[Short web captions]
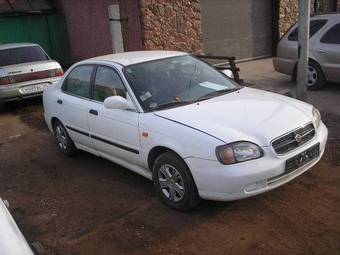 1999 Suzuki Baleno Pictures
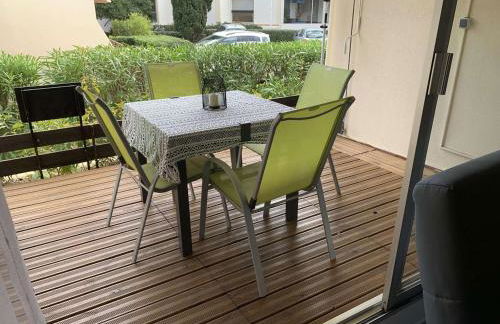 Studio refait à neuf pour 4 pers. à Port Camargue - FR-1-731-121 - Photo 6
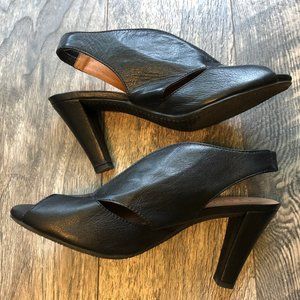 Like new Ateliers black peep toe split vamp heel 3
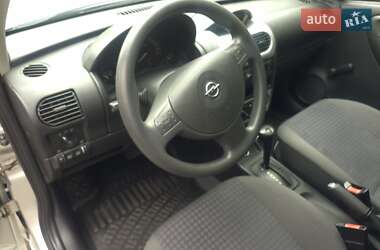 Хэтчбек Opel Corsa 2002 в 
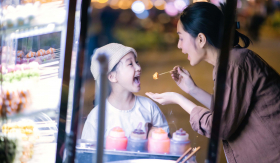 Duyên Quỳnh thấy hình ảnh cơ cực của chính mình trong MV về mẹ “Sau này con sẽ tự mình”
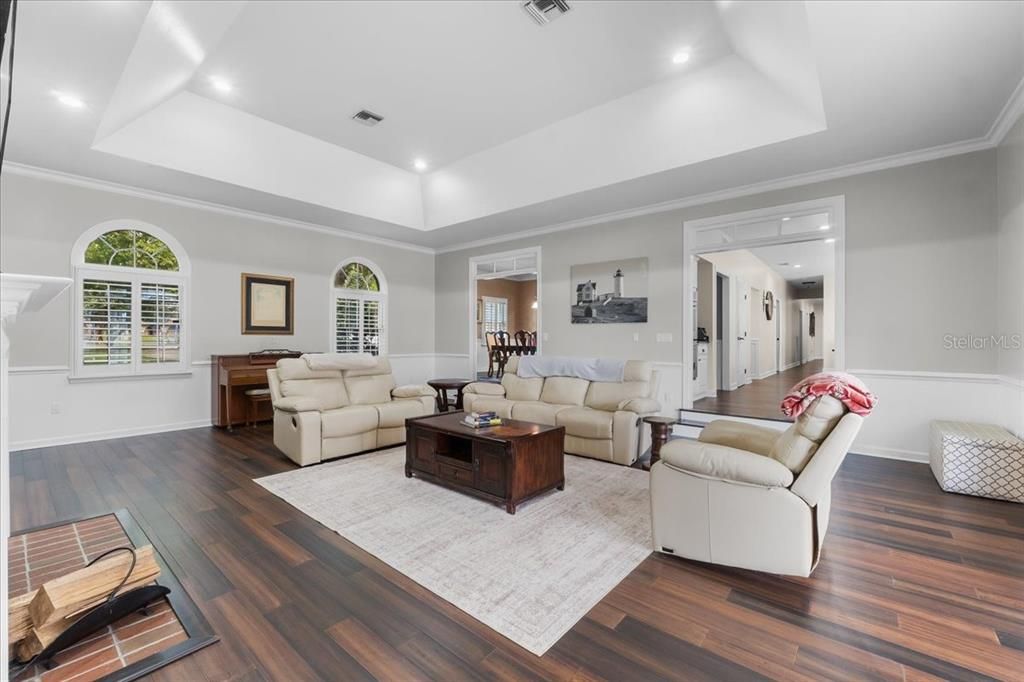 待售: $1,859,999 (6 贝兹, 5 浴室, 5400 平方英尺)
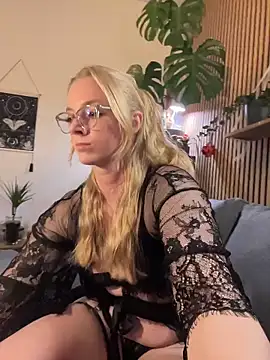 Snapshot of LinaLeana chatting on 1, 3, 2026 LinaLeana online show from 1, 3, 2026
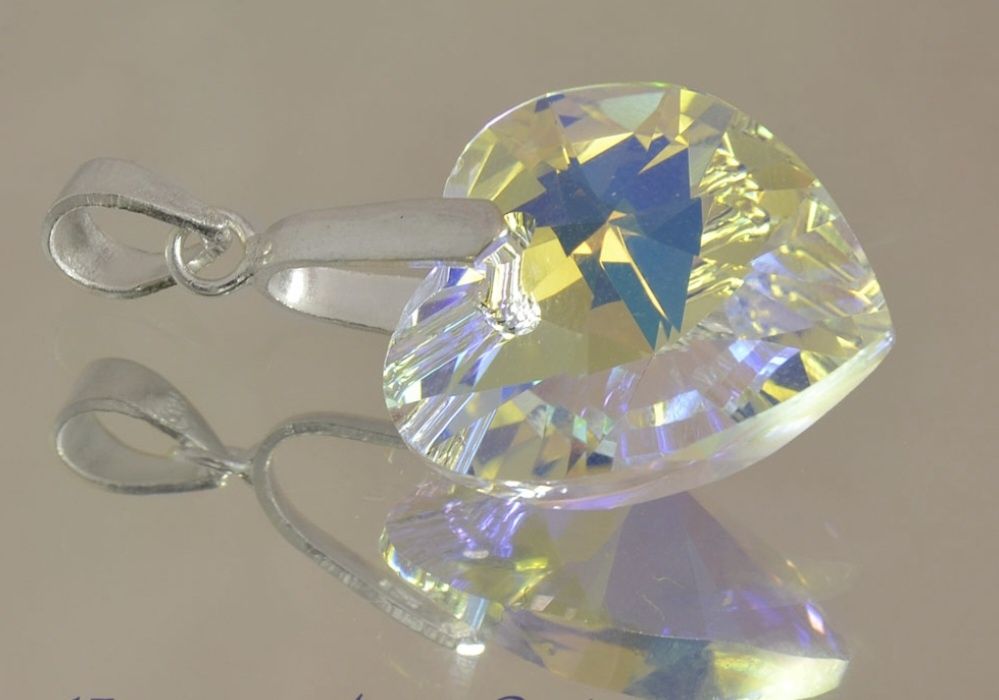 Сребърна висулка във форма на сърце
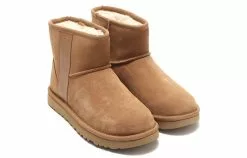 (WMNS) UGG LOGO 1122558-CHE -Air-jordan Sales Shop 2 9bd36d49 b7de 4d6d 8f14 11a58cfc777c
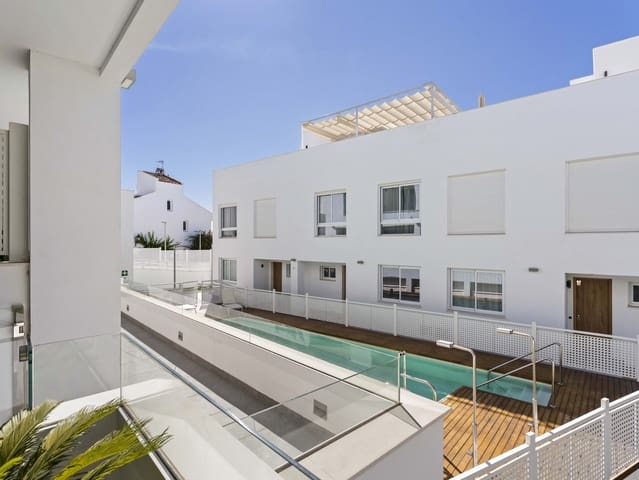5 chambre Maison de Ville à vendre à Puerto Banus, Marbella avec piscine - 1 295 000 € (Ref: 9217612)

*Directions for this task*.
Retype the data word for word and keep the pictures out of it.

*Exercise solution*.
 1999 Suzuki Baleno Pictures
 Studio refait à neuf pour 4 pers. à Port Camargue - FR-1-731-121 - Photo 6
 Like new Ateliers black peep toe split vamp heel 3
 Хэтчбек Opel Corsa 2002 в 
 Duyên Quỳnh thấy hình ảnh cơ cực của chính mình trong MV về mẹ “Sau này con sẽ tự mình”
 待售: $1,859,999 (6 贝兹, 5 浴室, 5400 平方英尺)
 Snapshot of LinaLeana chatting on 1, 3, 2026 LinaLeana online show from 1, 3, 2026
 Сребърна висулка във форма на сърце
 (WMNS) UGG LOGO 1122558-CHE -Air-jordan Sales Shop 2 9bd36d49 b7de 4d6d 8f14 11a58cfc777c
5 chambre Maison de Ville à vendre à Puerto Banus, Marbella avec piscine - 1 295 000 € (Ref: 9217612)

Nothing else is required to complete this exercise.